Why we made the recommendations

The evidence suggested that healthcare professionals should use a holistic approach to assessment and the panel agreed that assessment should cover both symptoms and how they affect the person overall. Evidence from patient experience showed that many people feel their symptoms are not taken seriously. There are also people who do not realise that their symptoms are connected with COVID‑19, so taking time to listen, showing empathy, taking a careful history and making an assessment are important.

The panel noted that the evidence and patient experience showed that symptoms can fluctuate and healthcare professionals should be aware of this when carrying out a holistic assessment. Some people may need help to describe their symptoms, including those who experience cognitive symptoms, such as 'brain fog', confusion and loss of memory, after acute COVID-19. The panel highlighted the value of talking to family members or carers, with the person's agreement, to help get a full clinical picture for people who need extra support with communication.

There were too many uncertainties in the evidence to provide any symptoms that could predict whether people might develop post-COVID-19 syndrome. The panel also did not want healthcare professionals to assume that people who had been hospitalised were more likely to develop post-COVID-19 syndrome because the current evidence and the panel's own experience do not support this.

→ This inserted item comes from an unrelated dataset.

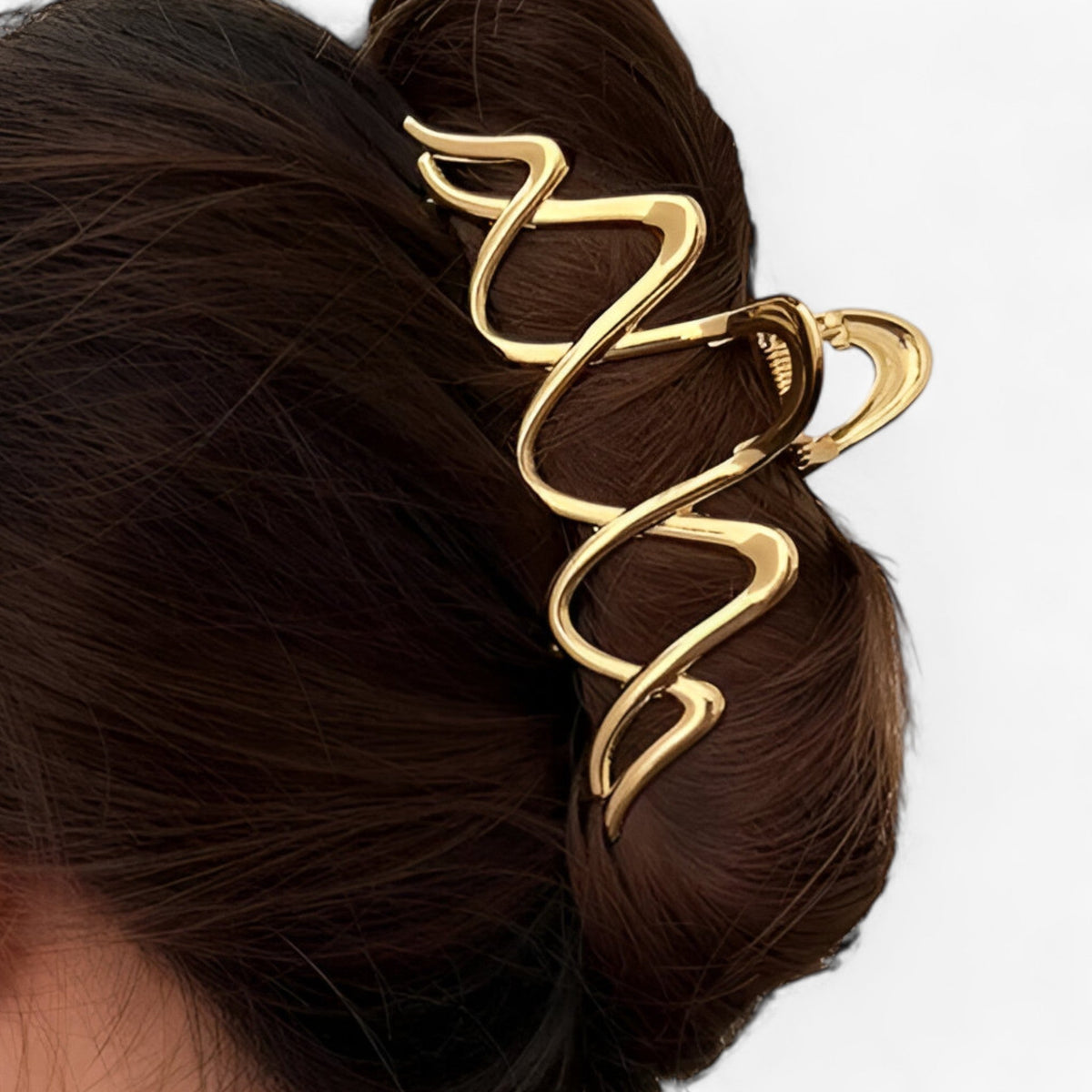 Wide Geometric Hair Clip in Gold-Tone Metal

The panel discussed and agreed that healthcare professionals should be aware that older people may not present with the common symptoms associated with ongoing symptomatic COVID-19 or post-COVID-19 syndrome. The panel agreed on signs that might prompt a healthcare professional to consider ongoing symptomatic COVID-19 or post-COVID-19 syndrome alongside other possible causes in an older person.

Many people experience cognitive symptoms, such as 'brain fog', confusion and loss of memory. The panel agreed that validated screening tools are useful for measuring and monitoring any impairment and the impact of this. The panel were aware of several tools but were unable to recommend any specifically because the evidence was not reviewed. They also agreed that the type of tool will differ depending on the setting and level of assessment needed.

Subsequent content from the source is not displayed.